* Problem description
The output must start at the line containing "Hello friends, welcome" in the records below and stop at the last line, matching each line exactly and leaving out every picture.

* Entries taken from a collection
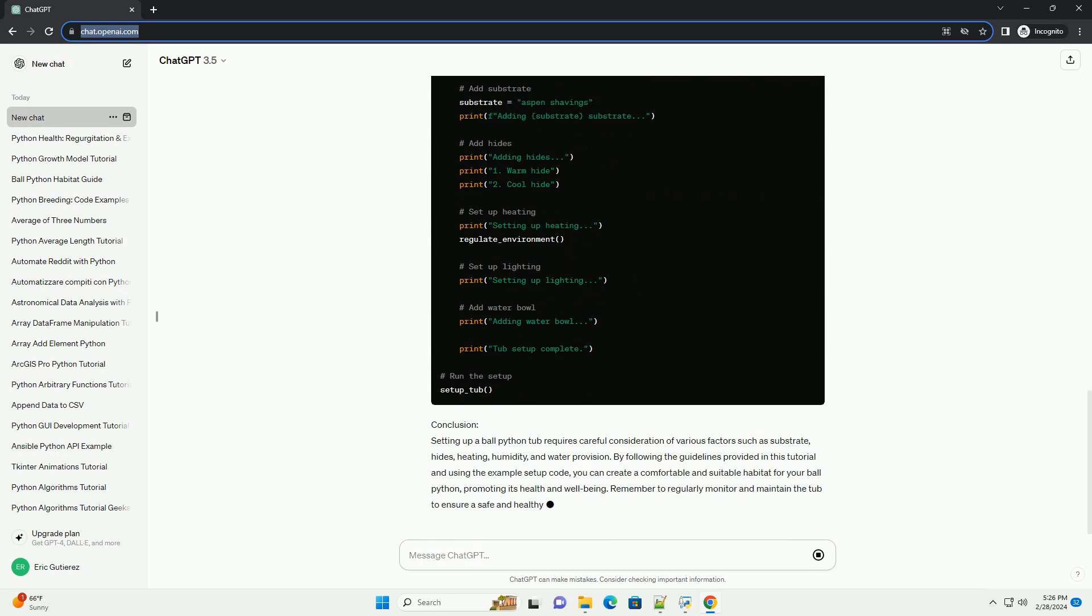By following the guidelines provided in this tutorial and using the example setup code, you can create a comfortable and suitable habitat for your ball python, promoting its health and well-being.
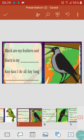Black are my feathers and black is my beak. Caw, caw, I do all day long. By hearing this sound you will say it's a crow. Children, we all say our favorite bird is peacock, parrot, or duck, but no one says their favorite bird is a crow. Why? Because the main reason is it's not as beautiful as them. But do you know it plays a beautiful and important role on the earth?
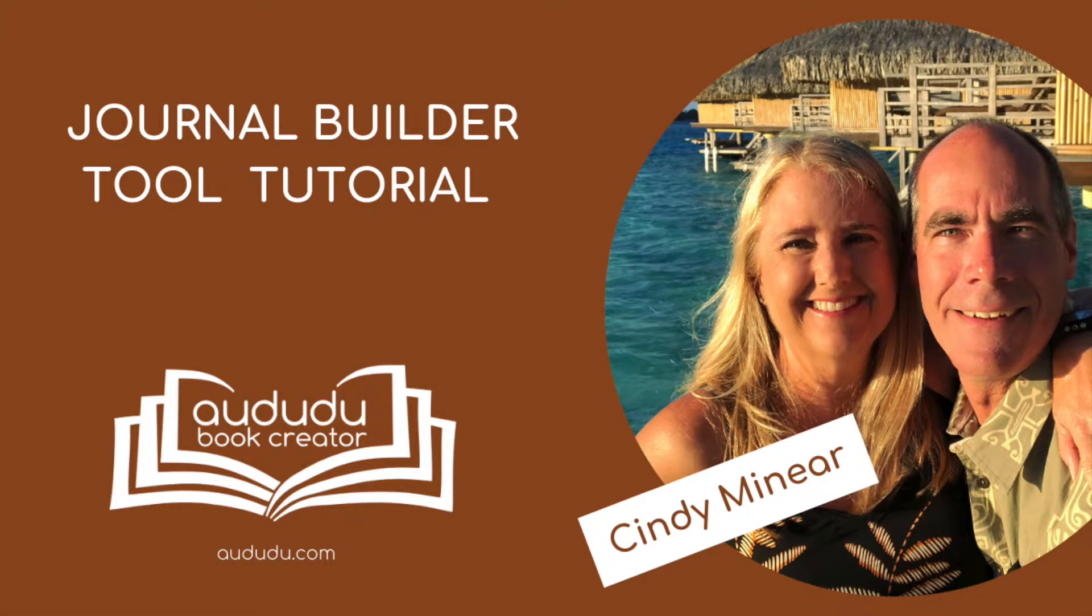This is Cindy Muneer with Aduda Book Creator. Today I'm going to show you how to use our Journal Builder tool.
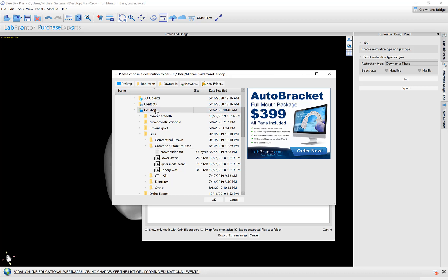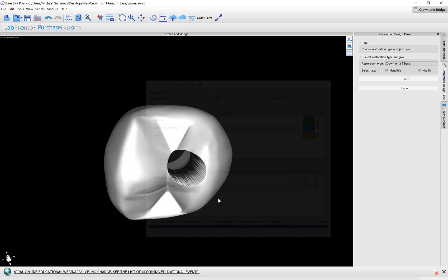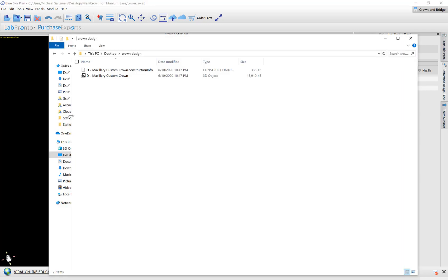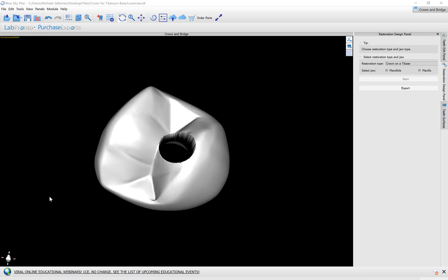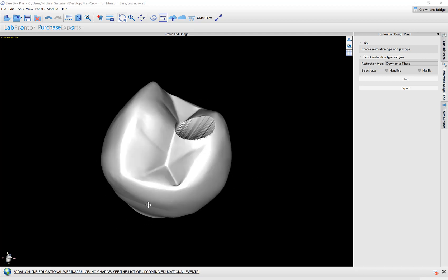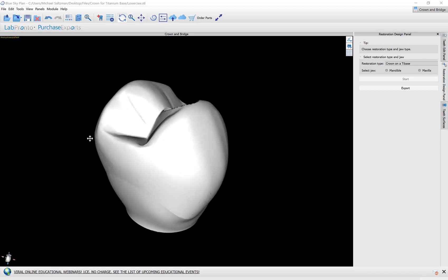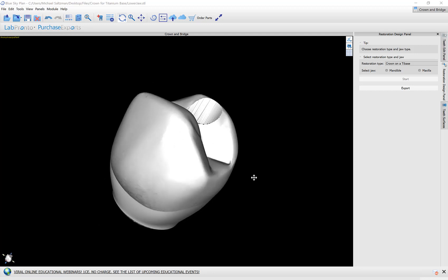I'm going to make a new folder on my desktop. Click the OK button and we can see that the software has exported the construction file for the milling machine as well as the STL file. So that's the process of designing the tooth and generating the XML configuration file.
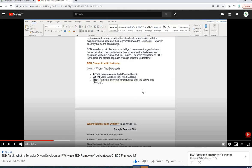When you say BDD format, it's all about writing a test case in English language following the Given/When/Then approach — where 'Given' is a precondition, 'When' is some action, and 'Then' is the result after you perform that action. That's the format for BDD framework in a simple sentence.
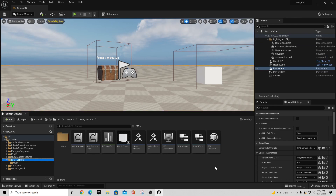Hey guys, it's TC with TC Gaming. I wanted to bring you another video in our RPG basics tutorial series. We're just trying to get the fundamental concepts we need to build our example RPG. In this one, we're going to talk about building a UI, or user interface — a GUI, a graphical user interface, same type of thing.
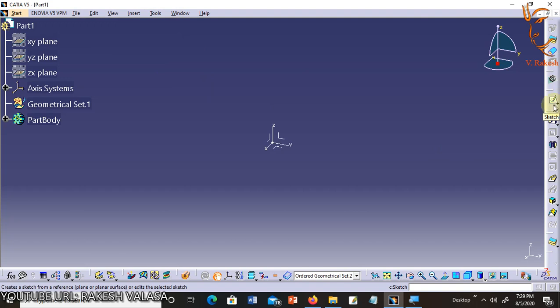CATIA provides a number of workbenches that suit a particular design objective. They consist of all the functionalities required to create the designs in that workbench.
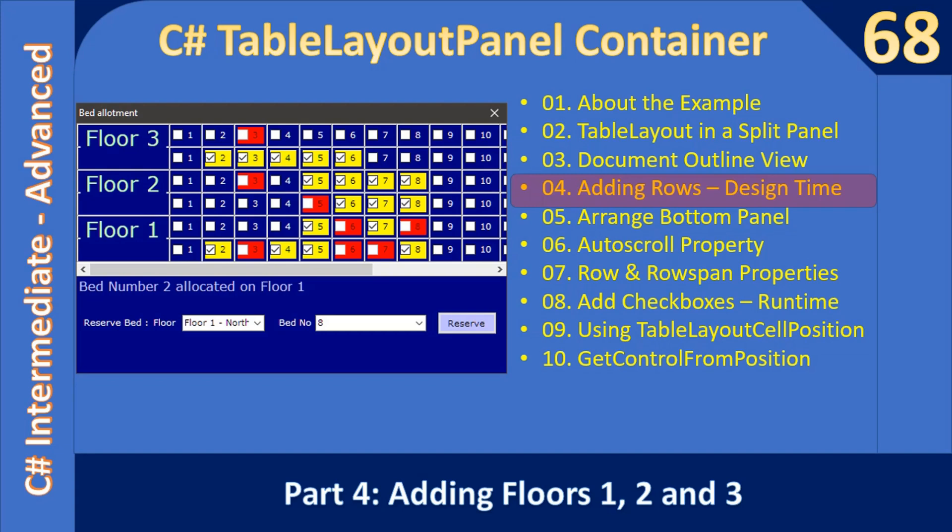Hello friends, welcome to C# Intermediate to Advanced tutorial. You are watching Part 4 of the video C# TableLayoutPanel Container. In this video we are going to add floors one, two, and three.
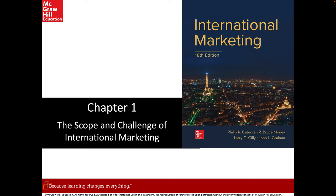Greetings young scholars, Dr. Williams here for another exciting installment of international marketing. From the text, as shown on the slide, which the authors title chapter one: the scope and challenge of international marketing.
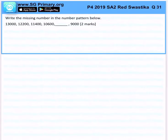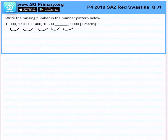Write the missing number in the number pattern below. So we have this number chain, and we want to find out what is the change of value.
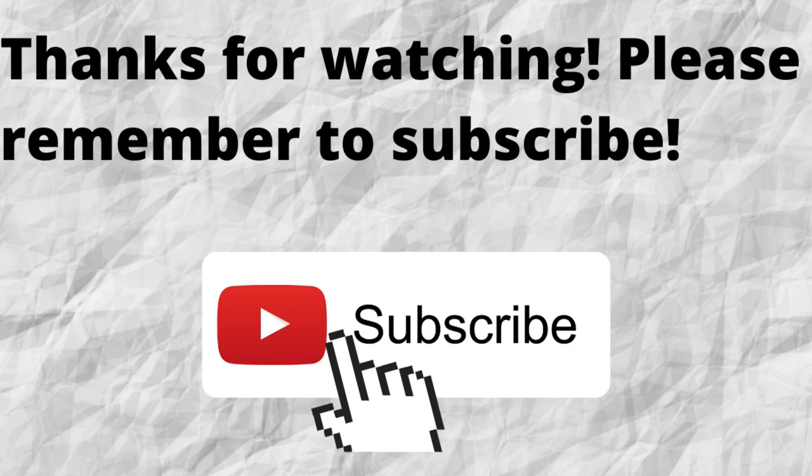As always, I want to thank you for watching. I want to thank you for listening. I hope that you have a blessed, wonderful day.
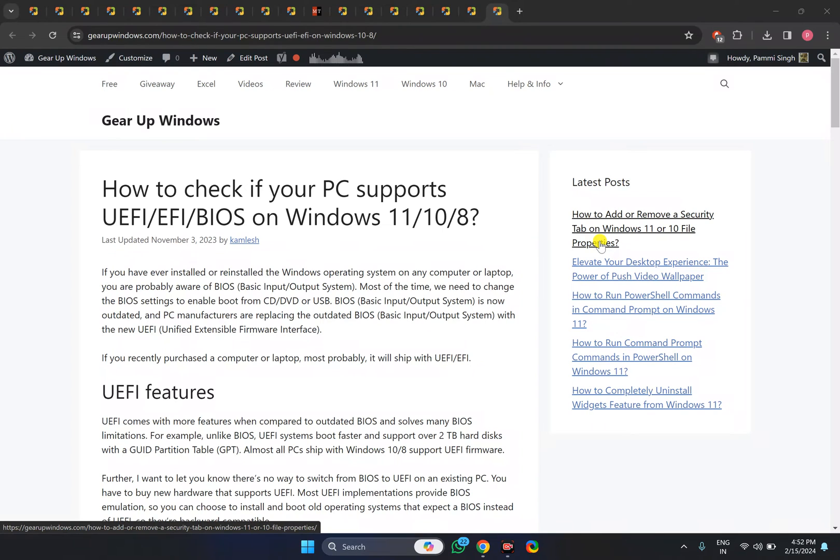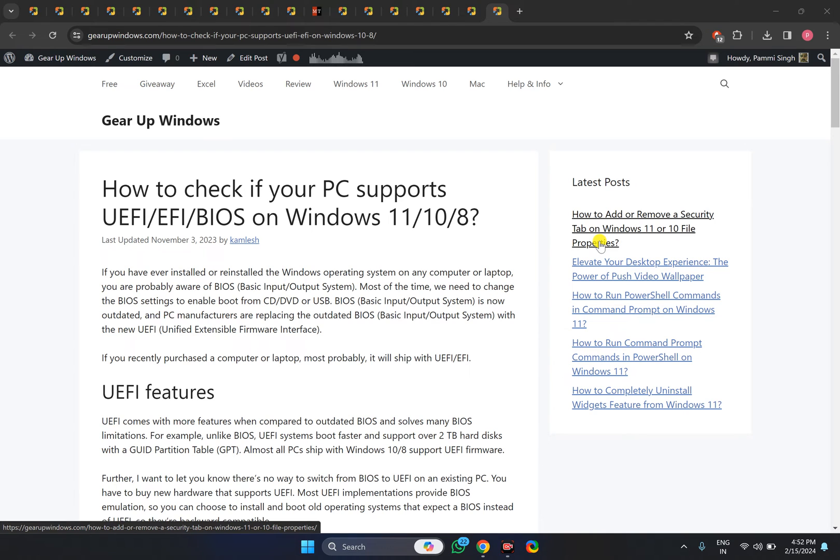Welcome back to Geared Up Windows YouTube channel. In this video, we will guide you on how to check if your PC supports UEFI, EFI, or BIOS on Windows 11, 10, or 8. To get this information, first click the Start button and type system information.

* Exercise solution
Hello friends, welcome to C# Intermediate to Advanced tutorial. You are watching Part 4 of the video C# TableLayoutPanel Container. In this video we are going to add floors one, two, and three.
Greetings young scholars, Dr. Williams here for another exciting installment of international marketing. From the text, as shown on the slide, which the authors title chapter one: the scope and challenge of international marketing.
Write the missing number in the number pattern below. So we have this number chain, and we want to find out what is the change of value.
As always, I want to thank you for watching. I want to thank you for listening. I hope that you have a blessed, wonderful day.
Welcome back to Geared Up Windows YouTube channel. In this video, we will guide you on how to check if your PC supports UEFI, EFI, or BIOS on Windows 11, 10, or 8. To get this information, first click the Start button and type system information.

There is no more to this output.